* _WORK REQUEST_
Could you give back exactly the lines below from the one with "EMI Colorband Scissor" through the one with "Unisex Graphic T-Shirt", without a single picture?

* _INPUT FOR THIS TASK_

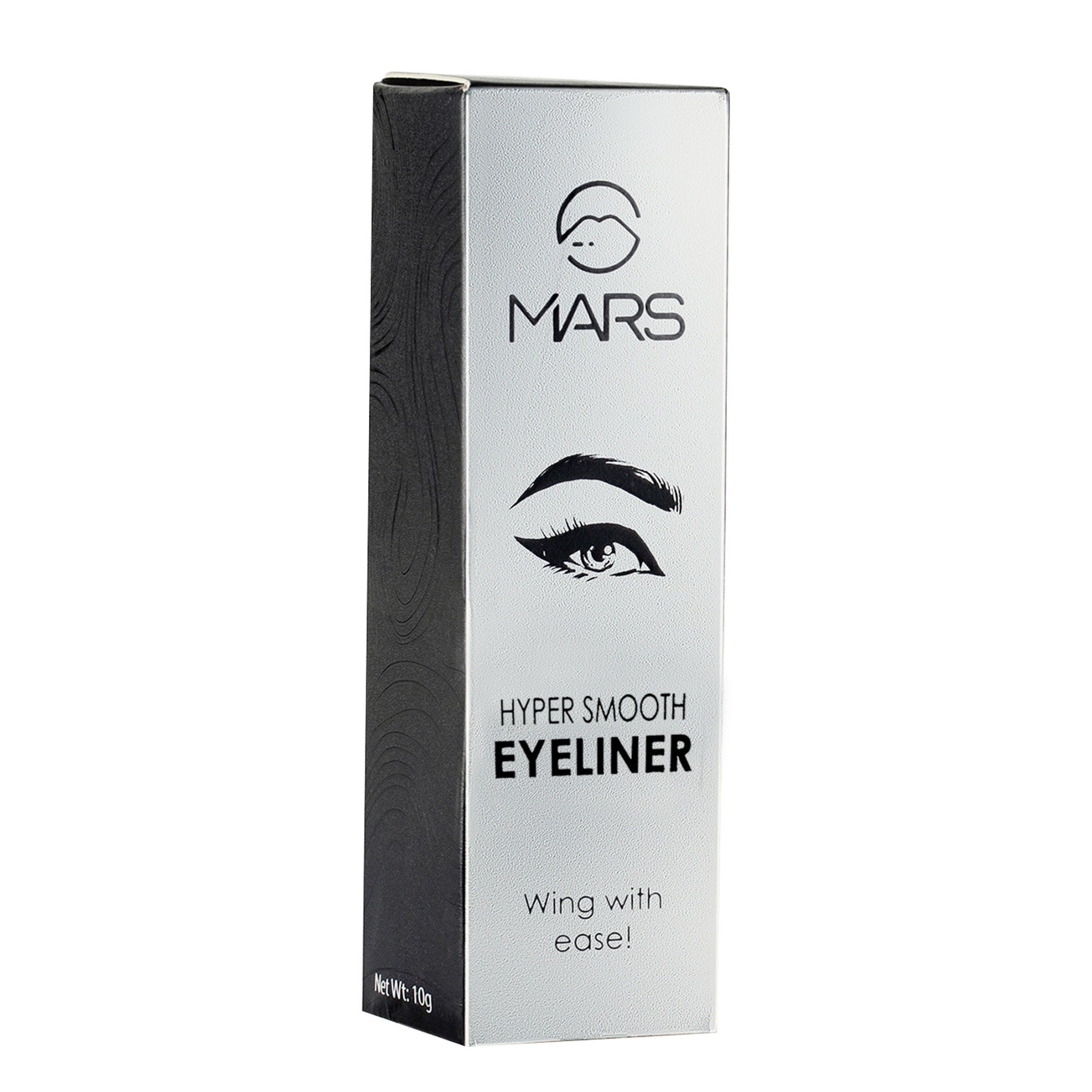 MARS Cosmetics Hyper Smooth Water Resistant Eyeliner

...

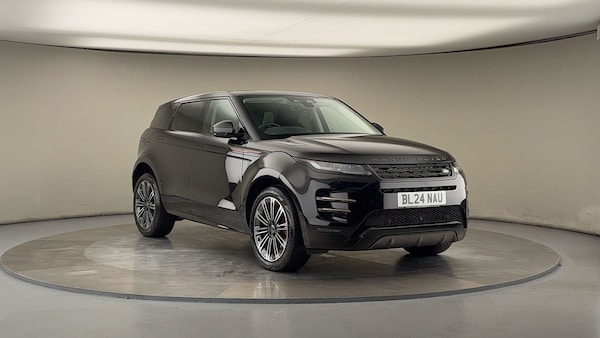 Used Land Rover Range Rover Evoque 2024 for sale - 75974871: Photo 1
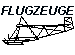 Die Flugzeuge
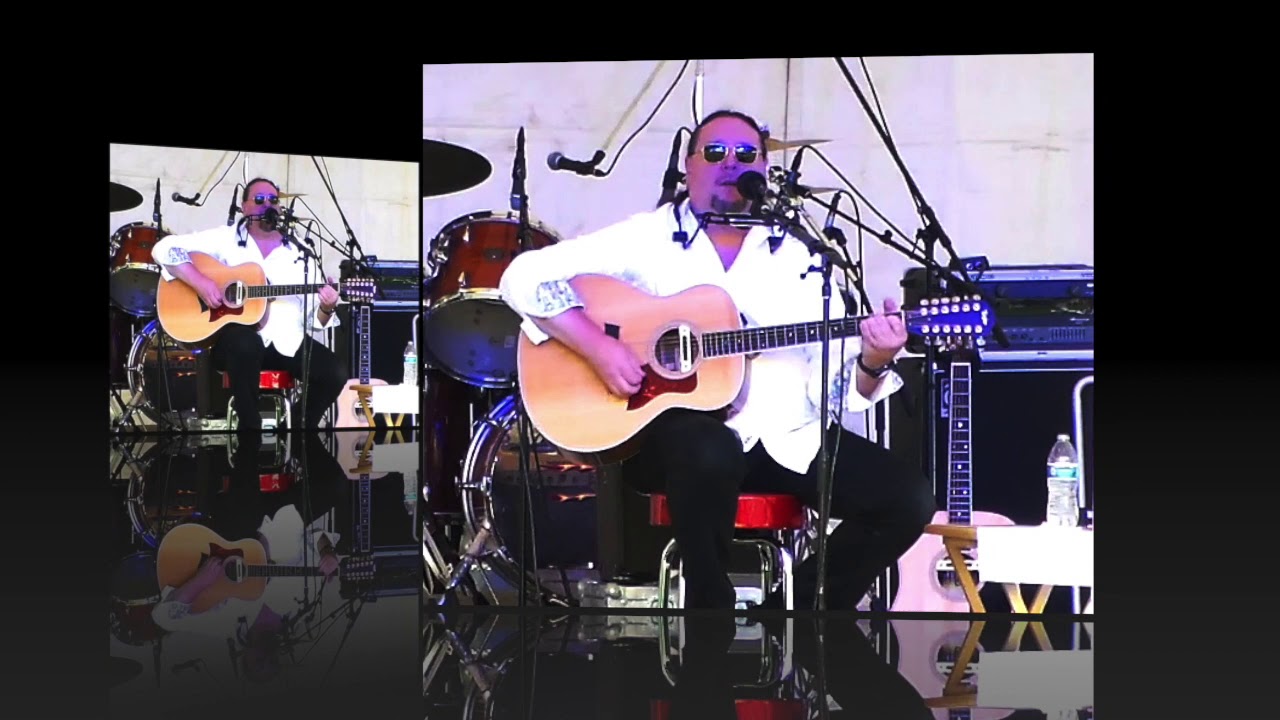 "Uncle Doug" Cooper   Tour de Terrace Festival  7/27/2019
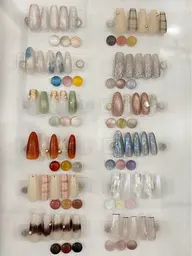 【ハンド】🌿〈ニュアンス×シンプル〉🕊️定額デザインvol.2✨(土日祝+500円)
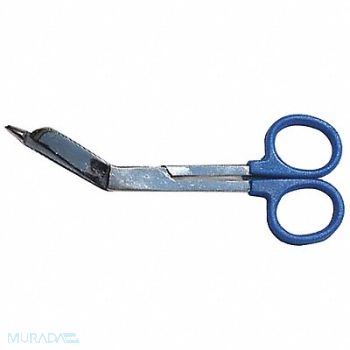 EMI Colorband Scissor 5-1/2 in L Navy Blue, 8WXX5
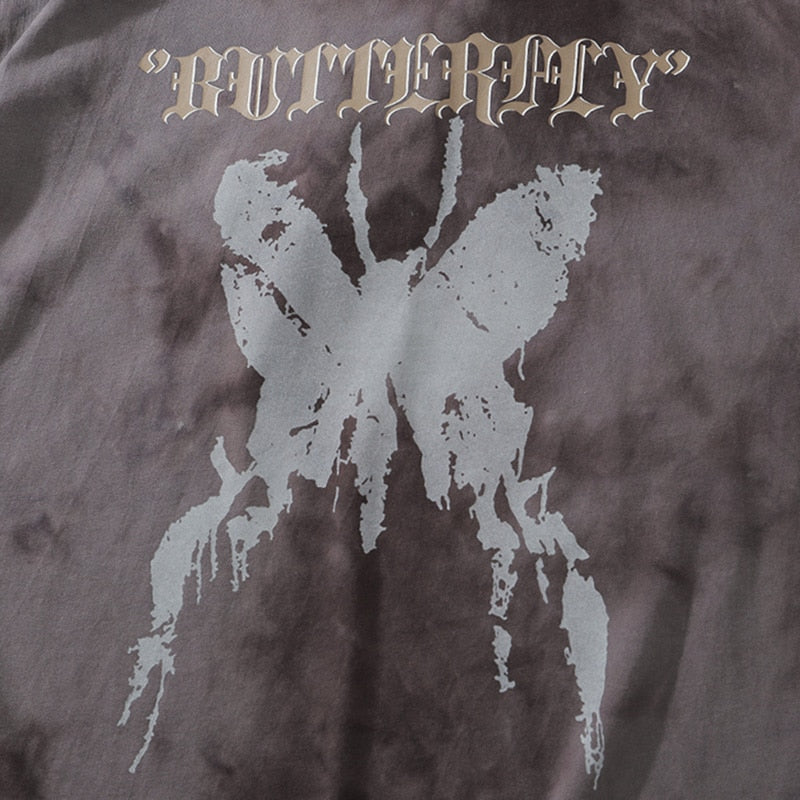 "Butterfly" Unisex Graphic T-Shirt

* _OUTPUT_
 EMI Colorband Scissor 5-1/2 in L Navy Blue, 8WXX5
 "Butterfly" Unisex Graphic T-Shirt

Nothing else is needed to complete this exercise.